# Paranormal Activity 4....out on home video April 8th



## Mike Edwards (Mar 10, 2011)

ENTER A WORLD OF BLACK MAGIC, SUPERSTITION AND POSSESSION IN A HORRIFYING NEW UNRATED CUT



Screen shot 2013-12-16 at 11



Shocking Extended Version Debuts on Blu-ray™ Combo April 8, 2014
Featuring Intense New Footage Not Seen in Theaters



Experience the Terror Two Weeks Early on Digital March 25





HOLLYWOOD, Calif. – “The activity is back with a wicked and evil vengeance” in “the scariest Paranormal yet” (Steve Barton, Dread Central), when the horrifying urban thriller PARANORMAL ACTIVITY: THE MARKED ONES debuts on Blu-ray Combo, DVD and VOD April 8, 2014 from Paramount Home Media Distribution. Fans can be the first to bring the terror home when the film arrives on Digital two weeks early on March 25th. Called “a refreshing, reinvigorating and creepy new chapter in the series” (Ryan Turek, Shock Till You Drop), PARANORMAL ACTIVITY: THE MARKED ONES expands on the world created by the phenomenal horror franchise with an intense tale of black magic, superstition and possession set in a gritty urban environment.

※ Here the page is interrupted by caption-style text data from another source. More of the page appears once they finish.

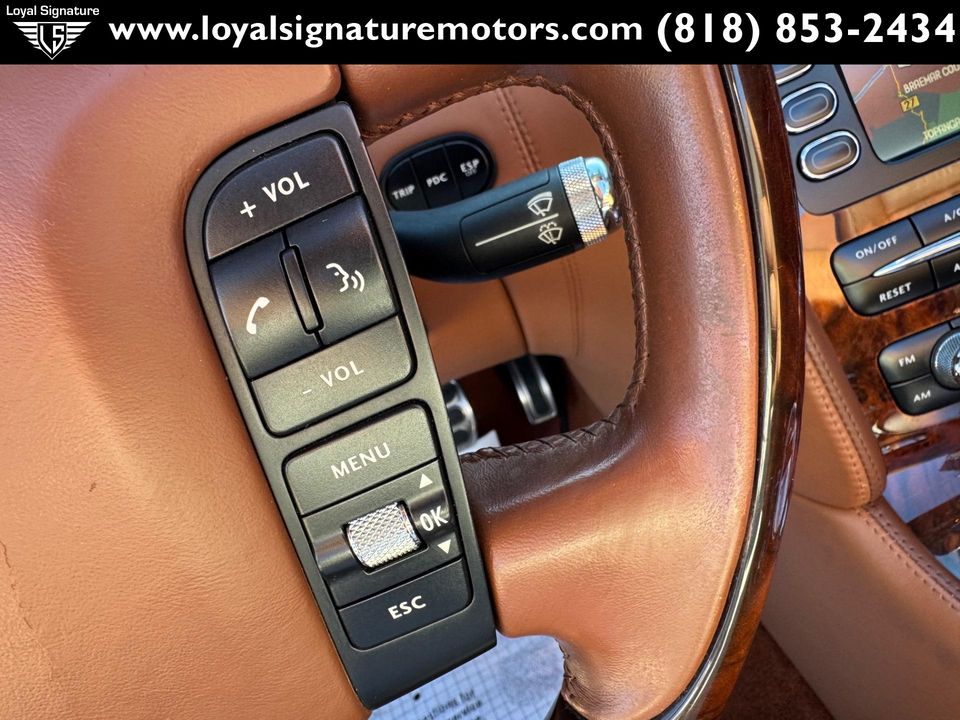 2007 Bentley Continental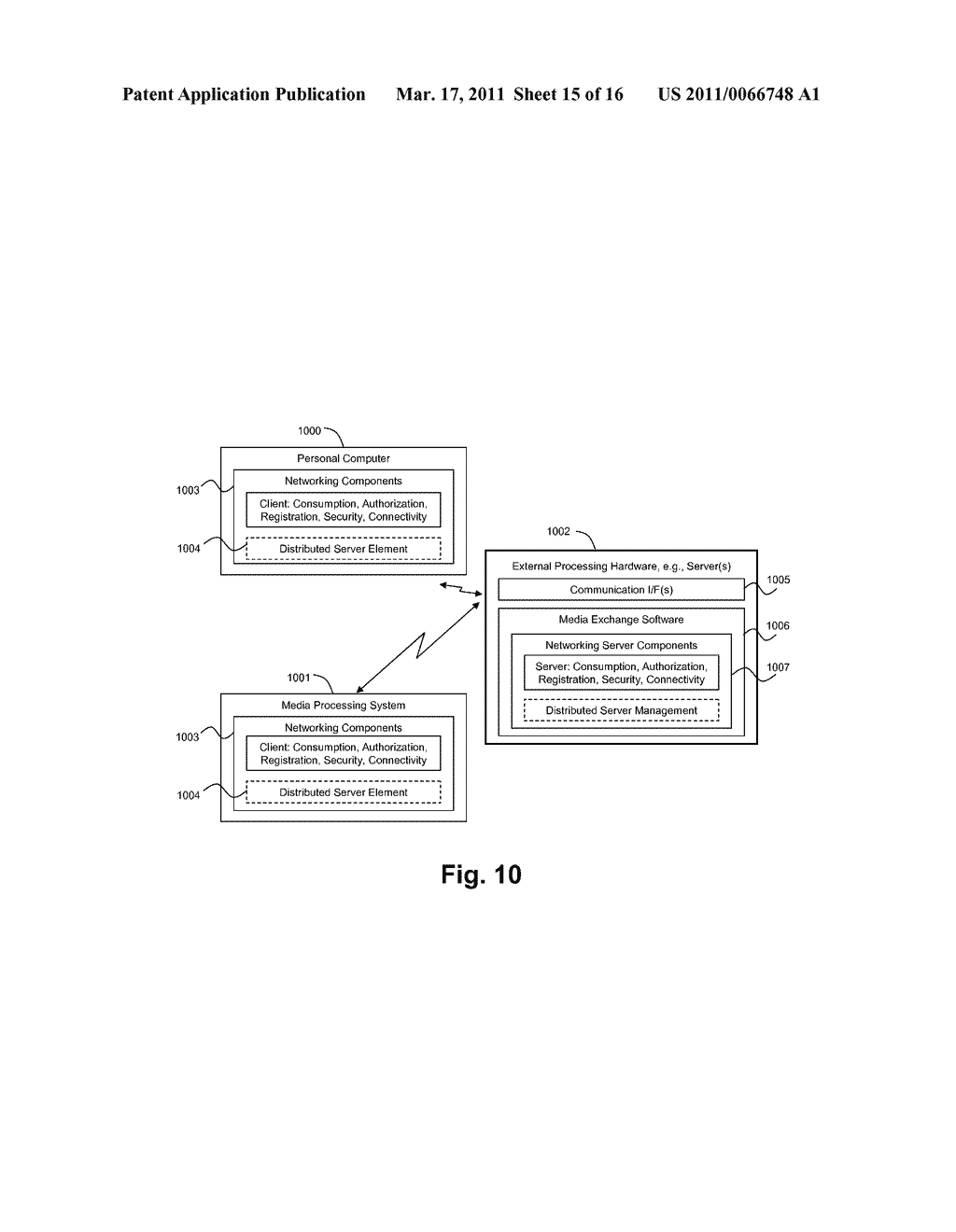 MEDIA EXCHANGE NETWORK SUPPORTING VARYING MEDIA GUIDE BASED ON VIEWING FILTERS - diagram, schematic, and image 16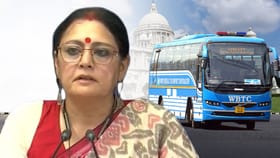 দিঘা থেকে দার্জিলিং, মহিলাদের 'ফ্রি'-তে বাসযাত্রা, বড় ঘোষণা সরকারের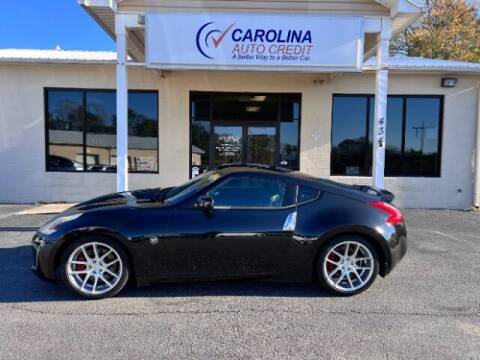 2014 Nissan 370Z for sale at Carolina Auto Credit in Youngsville NC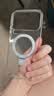 图拉斯【新款磁吸支架】Q1支点壳适用于小米17promax手机壳xiaomi17promax保护套超轻薄透明不发黄防摔壳 实拍图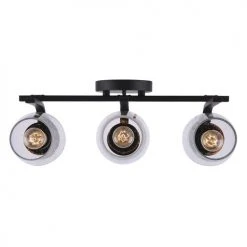Discount ✔️ Patriot Lighting® Kari Matte Black 3-Light Vanity Light 🌟 9 Discount ✔️ Patriot Lighting® Kari Matte Black 3-Light Vanity Light 🌟 -Patriot Lighting Sales 3518752 P TOP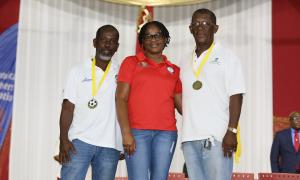 Netball Competition Highlights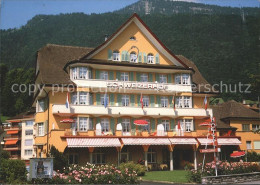 11710245 Weggis Vierwaldstaettersee Hotel Schweizerhof Weggis - Sonstige & Ohne Zuordnung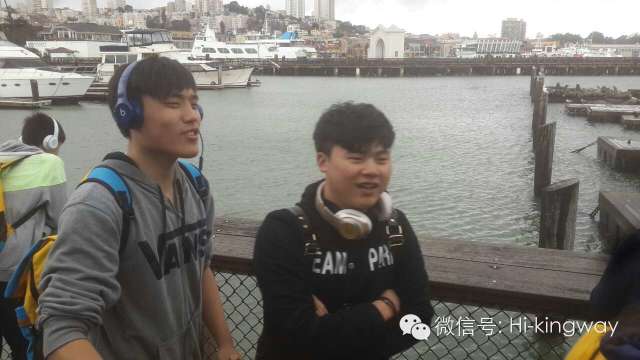 【游学记之渔人码头科技馆】我们的快乐风雨无阻! - kingwayschool - 【游学记之渔人码头科技馆】我们的快乐风雨无阻! - kingwayschool -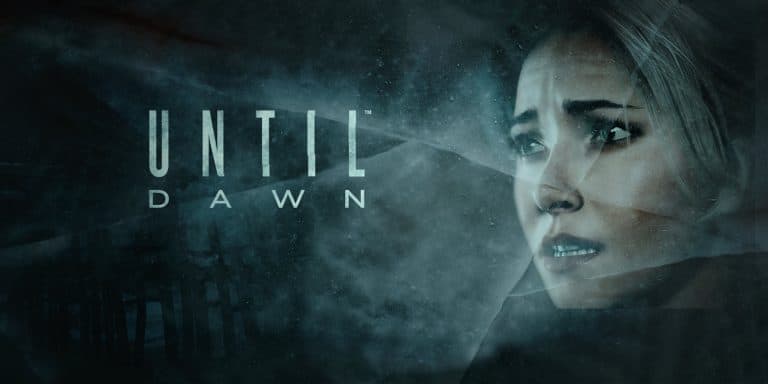 Entre jeu vidéo et film, découvrez Until Dawn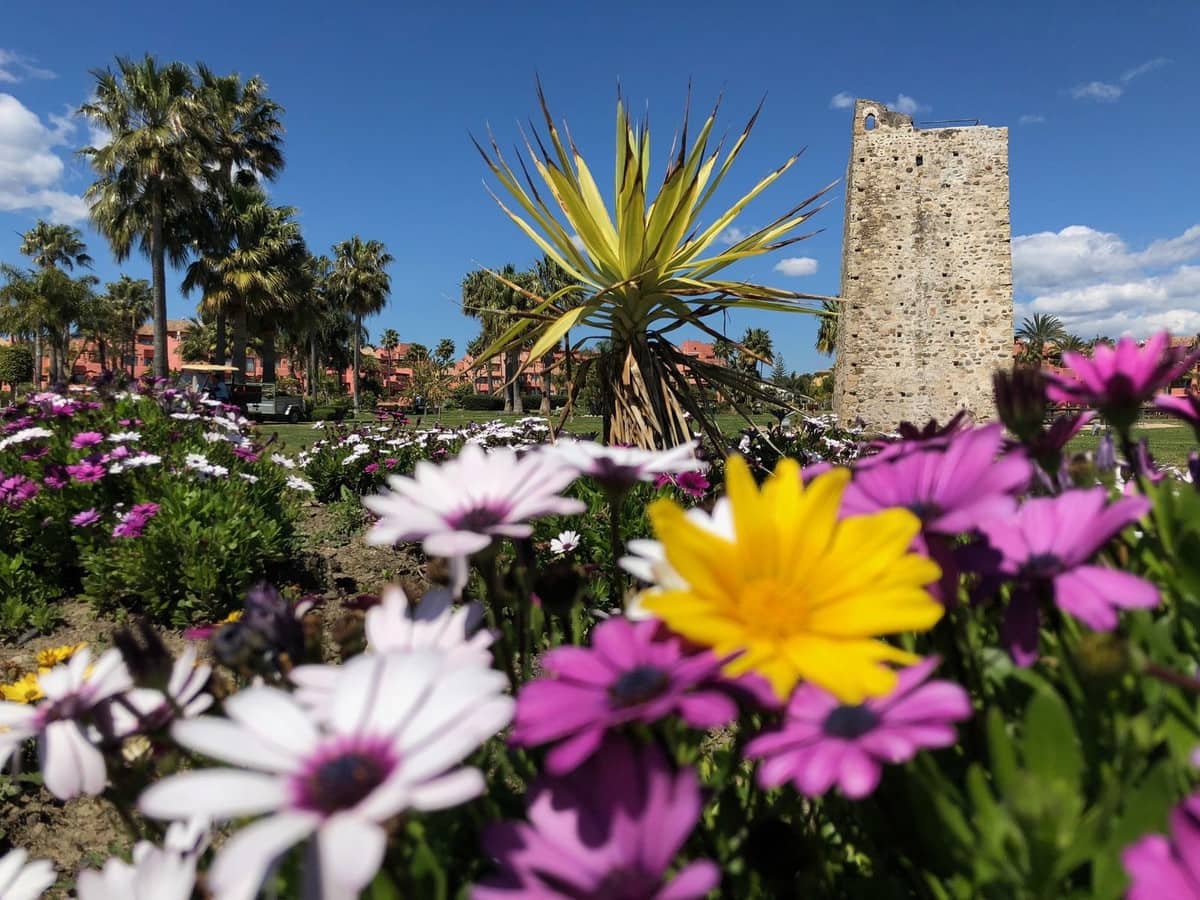 Byggegrund til salg i New Golden Mile - € 1.450.000 (Ref: 9511219)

 The PARANORMAL ACTIVITY: THE MARKED ONES Blu-ray Combo includes both the theatrical version of the film, as well as an extended, unrated cut, and intense additional found footage not seen in theaters.



PARANORMAL ACTIVITY: THE MARKED ONES Blu-ray Combo Pack

The PARANORMAL ACTIVITY: THE MARKED ONES Blu-ray is presented in 1080p high definition with English 5.1 DTS-HD Master Audio, French 5.1 Dolby Digital, Spanish 5.1 Dolby Digital, Portuguese 5.1 Dolby Digital and English Audio Description with English, English SDH, French, Spanish and Portuguese subtitles. The DVD in the combo pack is presented in widescreen enhanced for 16:9 televisions with English 5.1 Dolby Digital, French 5.1 Dolby Digital, Spanish 5.1 Dolby Digital and English Audio Description and English, French, Spanish and Portuguese subtitles.

Blu-ray:

o Extended, Unrated Version of the Film (HD)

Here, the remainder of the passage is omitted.